A special board of federal and state regulators yesterday approved a compromise plan that would add a $1-a-month "access fee" to residential telephone bills next June, increasing to $2 a month in 1986.

The proposal, which is expected to be ratified by the Federal Communications Commission next month, represents a significant modification of the commission's proposal last year to impose access charges of as much as $4 a month. Agency officials and some consumer advocates said yesterday they thought the plan would have a reasonable chance of winning approval from the Congress.

"Consumers have benefited tremendously," said Samuel Simon, director of the Telecommunications Research and Action Center. "This is tremendous backtracking by the FCC; it's a repudiation of their initial decision. We think Congress really ought to take a look at it."

FCC officials have said the access charges -- which would be tacked on to monthly phone bills sent out by local phone companies -- are necessary to end a longstanding system of cross-subsidies in which local rates have been kept artificially low at the expense of overpriced long-distance rates. By imposing access fees -- or "subscriber line rates" as the FCC now calls them -- the FCC argues it would be able to lower long-distance rates beyond the 6.1 percent reduction it approved for American Telephone & Telegraph Co. last year.

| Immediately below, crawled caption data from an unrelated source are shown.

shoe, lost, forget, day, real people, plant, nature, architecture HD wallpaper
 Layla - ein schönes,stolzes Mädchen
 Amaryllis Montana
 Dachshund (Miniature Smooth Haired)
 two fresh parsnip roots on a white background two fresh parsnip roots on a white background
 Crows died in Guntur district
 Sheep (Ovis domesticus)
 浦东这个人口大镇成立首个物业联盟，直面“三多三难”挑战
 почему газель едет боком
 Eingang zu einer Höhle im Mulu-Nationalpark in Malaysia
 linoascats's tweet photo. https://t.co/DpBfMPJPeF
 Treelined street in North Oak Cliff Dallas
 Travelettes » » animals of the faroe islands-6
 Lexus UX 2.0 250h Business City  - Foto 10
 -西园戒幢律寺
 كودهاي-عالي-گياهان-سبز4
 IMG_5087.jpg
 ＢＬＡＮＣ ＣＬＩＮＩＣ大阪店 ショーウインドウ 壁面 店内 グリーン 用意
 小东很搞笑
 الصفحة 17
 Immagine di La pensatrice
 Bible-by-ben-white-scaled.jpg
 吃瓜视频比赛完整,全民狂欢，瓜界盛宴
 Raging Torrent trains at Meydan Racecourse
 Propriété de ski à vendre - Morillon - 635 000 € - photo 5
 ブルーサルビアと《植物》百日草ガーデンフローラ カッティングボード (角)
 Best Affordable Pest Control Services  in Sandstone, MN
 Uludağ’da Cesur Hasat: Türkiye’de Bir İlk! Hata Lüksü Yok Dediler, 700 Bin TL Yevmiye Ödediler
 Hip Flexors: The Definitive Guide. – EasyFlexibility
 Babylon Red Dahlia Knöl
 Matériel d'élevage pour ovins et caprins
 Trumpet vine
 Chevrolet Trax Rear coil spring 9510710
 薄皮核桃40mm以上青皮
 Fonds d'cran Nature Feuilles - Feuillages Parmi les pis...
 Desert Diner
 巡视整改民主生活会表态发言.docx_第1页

In the past, however, state regulators and members of Congress have argued that the fees, coming on top of higher local rates sparked by last year's AT&T breakup, would be an intolerable burden on low-income users. As a consequence, the new proposal reduces the level of access charges to $2 in 1986 and provides for discounts of up to $2 monthly for low-income consumers as defined by state and local governments.

In addition, to prevent large business users from "bypassing" the local telephone network by setting up their own telecommunications systems, the joint board proposal recommends a special rate discount for big businesses. If a state regulatory body concludes that the discount is needed to keep the business on the network, residential access charges could increase to a total of $2.35 per month to help cover the shortfall caused by the discount.

The joint board that drafted the access charge plan is a special body of FCC members and state regulators who make recommendations to the full FCC. Although approval from the commission is considered virtually automatic, Congress still has the power to veto any of the agency's actions.